Face recognition at a distance: low-resolution and alignment problems

Existing face recognition techniques are very successful in recognizing high-resolution facial images. However, their performance is not sufficient on low-resolution facial images. In this thesis we focus on dealing with a typical forensic scenario, where the gallery images are the high-resolution mug-shots in the police database and the probe images are the low-resolution surveillance quality facial images.

We proposed a novel method, mixed-resolution biometric comparison, which allows direct low-resolution to high-resolution comparison. The method is based on the likelihood ratio framework where in the derivation of the expression for the likelihood ratio, the combined statistics of the low- and high-resolution images is taken into account. Our experiments on surveillance quality images demonstrate that this method significantly outperforms the state-of-the-art.

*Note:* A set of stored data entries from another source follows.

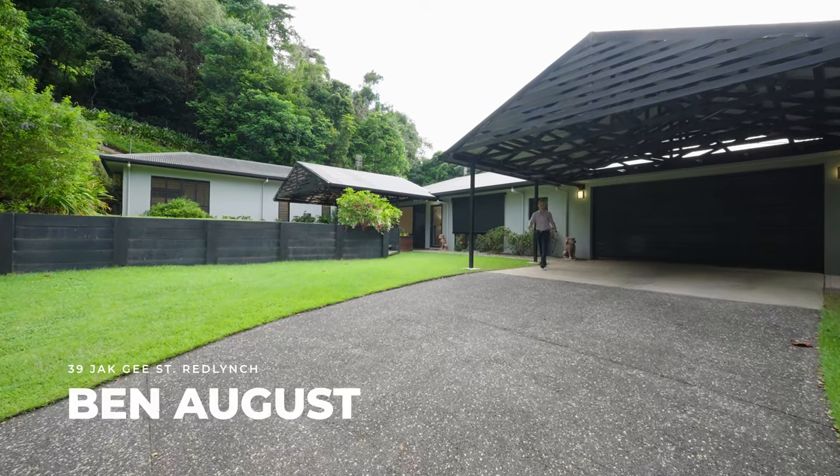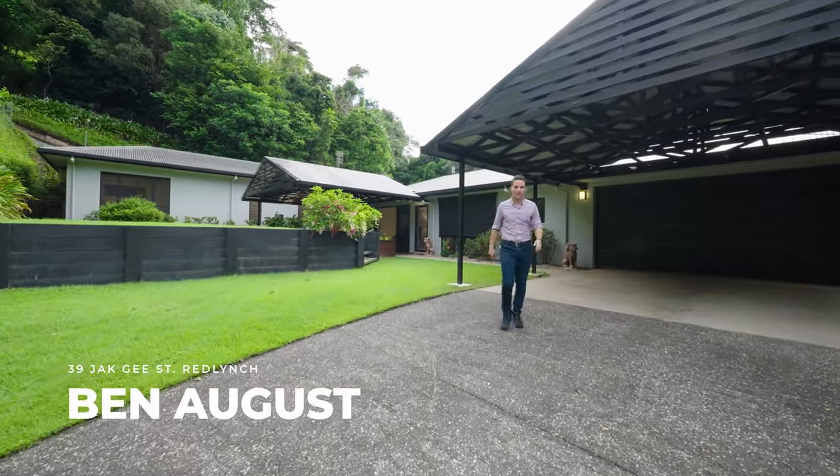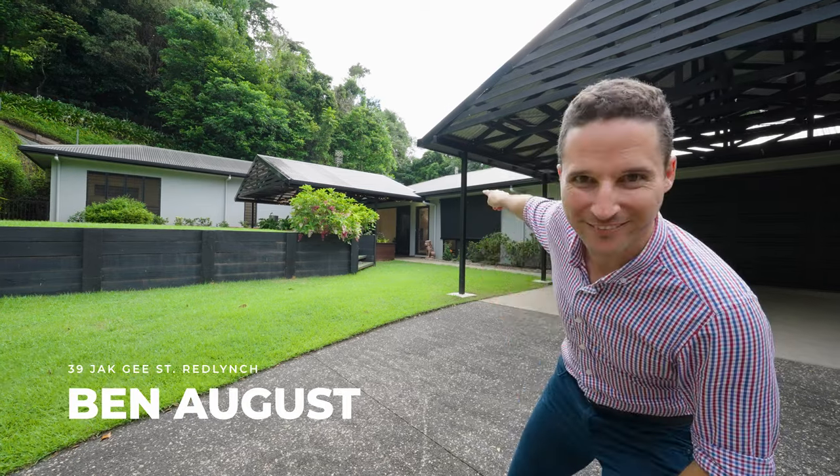Welcome to 39 Jack G Street. If you're looking for a home with dynamic design nestled in the forest, this is the one. Let's take a look inside.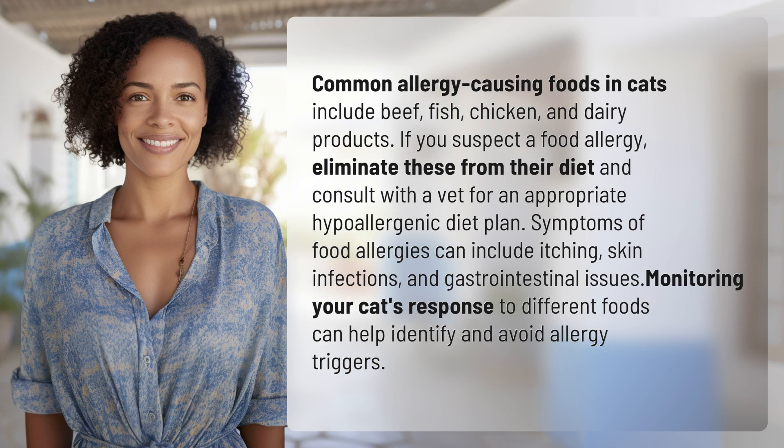Common allergy causing foods in cats include beef, fish, chicken, and dairy products. If you suspect a food allergy, eliminate these from their diet and consult with a vet for an appropriate hypoallergenic diet plan.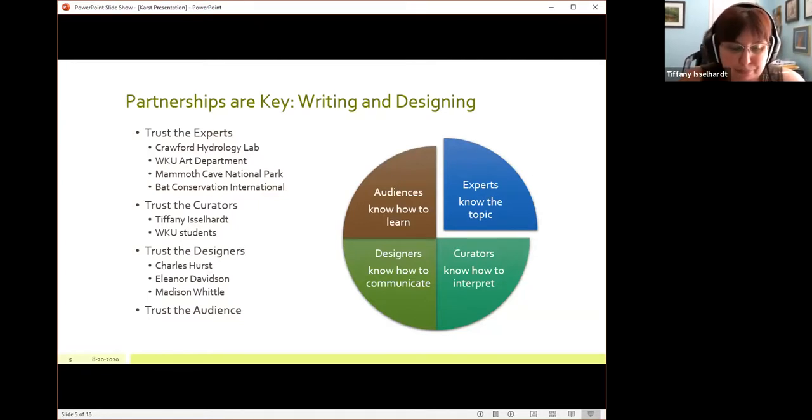And then finally, trusting the designers. Charles Hurst and Eleanor Davidson were the museum designers behind this. They imagined what it looked like, helped figure out layout issues, coordinated colors, did 3D modeling to make sure everything would work together, and then spent weeks constructing the exhibit. Madison Woodall, the WKU student, was also part of that. Another important part that a lot of people forget is trusting your audience — trusting that the people coming to see this exhibit know how to learn. Innately, every human knows how to learn; it's built into us. A lot of museums tend to discredit whether audiences can learn, and that just doesn't work. You have to trust that people who walk into the exhibit want to learn the topic, and that automatically opens the doorway to learning.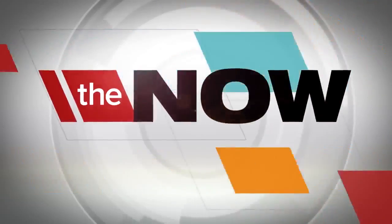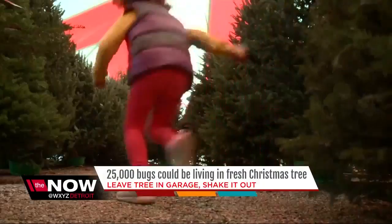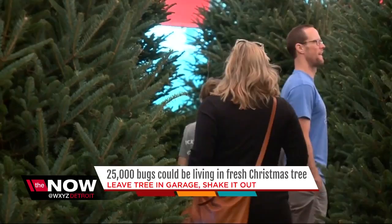We have a warning for you about that fresh Christmas tree you may have gotten this past weekend, or you're soon going to be getting. One pest control company says as many as 25,000 bugs could be living in one of those trees, and you could be bringing them into your home.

In literature on low-resolution face recognition, what in some papers is considered as low-resolution, is still considered as high-resolution in other papers. To harmonize the terminology in low-resolution face recognition, we propose a resolution scale. We define the range of low-resolution and further divide it into Upper Low Resolution, Moderately Low Resolution and Very Low Resolution.

Because the lack of low-resolution images, most of the existing low-resolution face recognition methods are trained and tested using down-sampled images. In this thesis, we test various face recognition methods and demonstrate that down-sampled images are not fully representative of realistic low-resolution images. We further demonstrate that, inaccurate alignment is the major problem that causes the poor recognition performance on real low-resolution images. In addition, we propose to use matching-score based registration to achieve better alignment and hence better face recognition performance.

In conclusion, we propose solutions to compare low-resolution probes with high-resolution galleries which significantly outperform the state-of-the-art on surveillance quality facial images. We emphasise that realistic low-resolution material should be used for training and testing. We focus attention on developing face recognition methods that can actually be useful for real-life applications. We bring an important step forward of low-resolution face recognition for forensic search.